L’episodio è avvenuto nel corso di una recente visita di una delegazione dell’intelligence Usa a New Delhi, tappa collegata ai contatti dopo la vittoria talebana. L’agente del team avrebbe avuto lo stesso malessere sofferto da numerosi funzionari statunitensi all’estero. Oltre duecento di loro hanno raccontato di nausea, perdita dell’orientamento, capogiri, strani ronzii. Una vicenda misteriosa – a tratti accolta con scetticismo – iniziata nel 2016 a Cuba, da qui il nome di sindrome dell’Avana. Con il passare del tempo gli «incidenti». si sono moltiplicati: Cina, Colombia, Uzbekistan, la stessa capitale Washington hanno fatto da sfondo. Un altro evento, abbastanza clamoroso, ha riguardato l’entourage della vice presidente Kamala Harris in occasione di un viaggio in Asia. Il Dipartimento di Stato è stato costretto a modificare il programma dopo che due membri del gruppo hanno lamentato guai ad Hanoi.

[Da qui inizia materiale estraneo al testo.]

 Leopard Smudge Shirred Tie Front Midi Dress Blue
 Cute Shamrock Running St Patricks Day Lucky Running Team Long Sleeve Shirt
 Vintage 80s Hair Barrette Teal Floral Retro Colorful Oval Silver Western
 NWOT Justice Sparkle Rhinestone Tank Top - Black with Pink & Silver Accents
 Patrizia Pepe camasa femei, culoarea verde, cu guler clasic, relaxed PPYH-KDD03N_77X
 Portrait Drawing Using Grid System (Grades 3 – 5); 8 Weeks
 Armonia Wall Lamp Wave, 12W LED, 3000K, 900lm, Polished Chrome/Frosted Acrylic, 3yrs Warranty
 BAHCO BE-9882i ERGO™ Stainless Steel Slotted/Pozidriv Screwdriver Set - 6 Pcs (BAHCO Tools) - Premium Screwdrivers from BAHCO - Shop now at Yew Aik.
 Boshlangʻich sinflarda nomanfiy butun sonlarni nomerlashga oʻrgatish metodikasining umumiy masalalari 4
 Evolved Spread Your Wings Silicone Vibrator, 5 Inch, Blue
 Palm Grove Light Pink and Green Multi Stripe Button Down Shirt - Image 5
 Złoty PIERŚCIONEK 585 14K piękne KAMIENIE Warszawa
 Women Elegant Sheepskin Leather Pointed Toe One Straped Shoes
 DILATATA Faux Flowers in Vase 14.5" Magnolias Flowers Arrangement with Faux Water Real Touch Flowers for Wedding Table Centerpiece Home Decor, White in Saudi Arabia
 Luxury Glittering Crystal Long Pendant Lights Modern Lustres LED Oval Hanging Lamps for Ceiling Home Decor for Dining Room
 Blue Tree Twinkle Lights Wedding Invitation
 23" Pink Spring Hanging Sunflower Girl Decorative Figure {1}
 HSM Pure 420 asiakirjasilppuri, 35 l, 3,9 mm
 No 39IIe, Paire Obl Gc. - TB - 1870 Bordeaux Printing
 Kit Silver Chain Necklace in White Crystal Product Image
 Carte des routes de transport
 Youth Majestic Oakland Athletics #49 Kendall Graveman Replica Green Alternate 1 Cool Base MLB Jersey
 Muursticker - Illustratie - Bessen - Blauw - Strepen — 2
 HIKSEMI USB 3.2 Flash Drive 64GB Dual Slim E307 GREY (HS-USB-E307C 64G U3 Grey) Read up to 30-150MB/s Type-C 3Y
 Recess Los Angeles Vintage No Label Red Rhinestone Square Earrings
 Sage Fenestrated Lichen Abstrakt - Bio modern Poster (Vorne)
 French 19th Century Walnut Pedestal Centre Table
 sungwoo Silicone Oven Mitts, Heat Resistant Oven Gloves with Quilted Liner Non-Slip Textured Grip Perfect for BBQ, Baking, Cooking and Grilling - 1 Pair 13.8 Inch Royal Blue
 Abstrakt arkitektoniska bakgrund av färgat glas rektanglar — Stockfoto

Molte le ipotesi sull’origine dell’attacco, un’indagine che ha coinvolto polizia federale, scienziati, ricercatori universitari. E naturalmente negli Stati Uniti si è subito pensato all’azione di intelligence ostili, con il personale «bombardato» da onde radio o micro-onde. Una tesi, condivisa da alcuni investigatori, ritiene che sia il risultato prodotto da sistemi di sorveglianza usati da servizi segreti avversari, in particolare russi e cubani. Dunque le «ombre» seguono i bersagli, li spiano impiegando apparati che innescano effetti collaterali.
Gli accusati hanno smentito. Reazioni di routine, perché se pure fossero coinvolti non lo ammetterebbero di certo. Nel mezzo c’è chi ha suggerito cause diverse, dalla dispersione di particolari pesticidi all’esterno delle ambasciate al canto fastidioso di insetti. Nella ricerca del colpevole non è mancata neppure l’allusione ad una possibile suggestione o psicosi.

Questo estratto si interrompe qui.